The Commission on RE (2018) report uses the title ‘Religion and Worldviews: the way forward’. In the media, in meetings I attended and on social media it was clear that for some there was an instant connection with this reimagining of RE as ‘religion and worldviews’ for others there was indifference and for others there was consternation.
I want to share with you why I think this reshaping of RE is right for this moment.
In a meeting recently, I was asked to give a simple definition, of the term ‘worldview’. I confess mine was probably the simplest in the room, but this is what I said:
‘How we make sense of the world and the impact this has on daily life.’
My point was that we all have a worldview.
My worldview is influenced by an institutional one, namely Christianity, but this itself is a complex and diverse worldview. My worldview is also influenced by my parents, my education, my interests, by values and passions. I know many other Christians and their worldview is not the same as mine. My worldview influences how I live my life, what I do with my life, how I spend my money, how I conduct myself as so on.
To catch hold of the vision of the Commission on RE is to grasp the fact that worldviews are fundamental to human life. This insight means that RE can only ever be inclusive, it can only ever be applicable to all pupils, it can only ever inform and challenge children and young people to consider their own and learn deeply about the worldviews of others.
The Commission on RE defines a worldview as,
‘….a person’s way of understanding, experiencing and responding to the world’. (p.26)
The report makes clear that religions are worldviews, as well as there being non-religious worldviews. This is important as it clarifies the position of religions within religious education alongside non-religious perspectives. It also shows why the title used is ‘religion (singular) and worldviews’. Religion as a category is to be studied alongside worldviews.
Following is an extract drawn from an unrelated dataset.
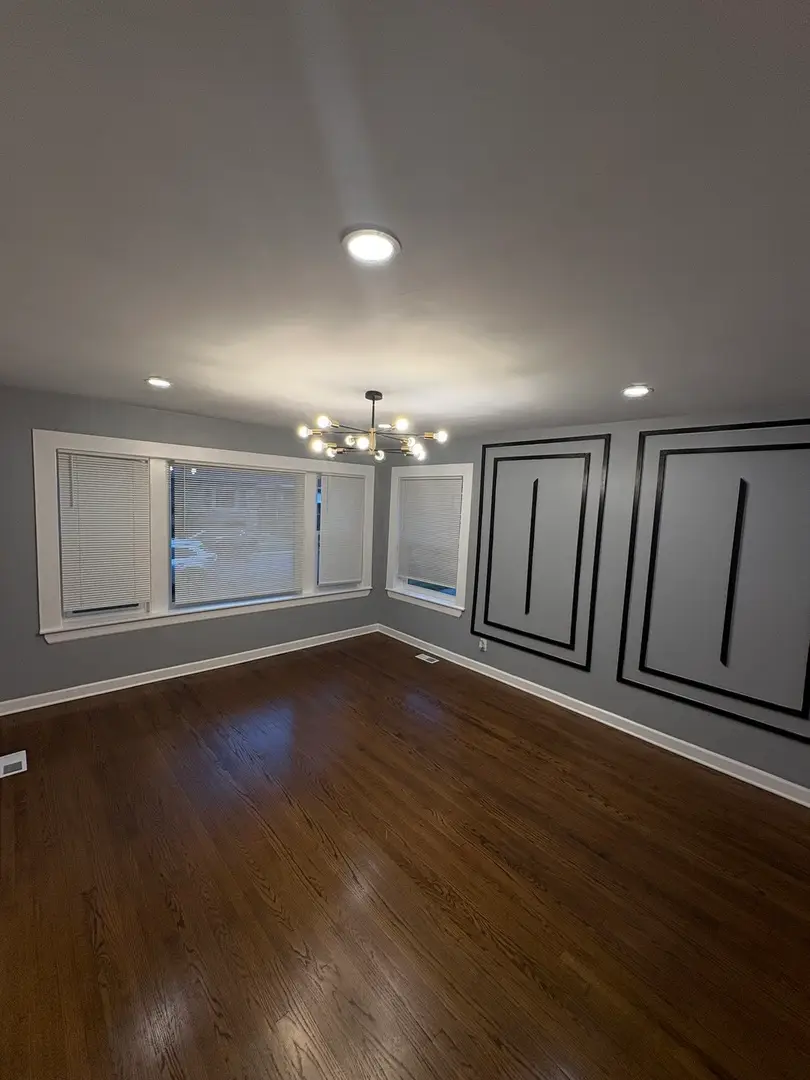 8404 S Oglesby Avenue, Chicago, IL 60617 - #3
This to me is also important. I remember a SACRE meeting many years ago where a number of religious community representatives said that they did not belong to a ‘religion’. They belonged to a faith, or belief system, a way of life or a philosophy of life. There was debate about the nature of the word ‘religion’ itself. These kinds of conversation are essential in the classroom today to help children and young people navigate the world in which they live.
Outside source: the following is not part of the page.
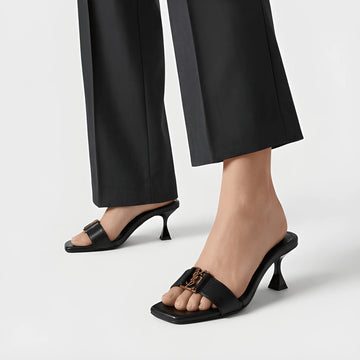 Slim Point Kitten Heel - Black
Finally, when considering writing this blog I thought it would be interesting to hear the voice of primary teachers on this topic! How would they define a worldview? Here is a selection of responses from a recent meeting I hosted with RE Subject Leaders, used with the teachers’ permission:
‘What people believe and think, how they live their life, what values the person has and the impact on their community, home and how they live’ (Rebekah Moran)
‘An informed opinion that can be formed by few but impacts on many; may be linked to social/economic/political experience’; may attempt to offer an answer or solution to a needs/crisis /issue….’ (Chris Allen)
‘A belief or opinion held by people which influences human behaviour and contributes to culture, values or a belief system. It influences your own personal daily life and contributes to the choices and decision a person makes’ (Elizabeth Cooper)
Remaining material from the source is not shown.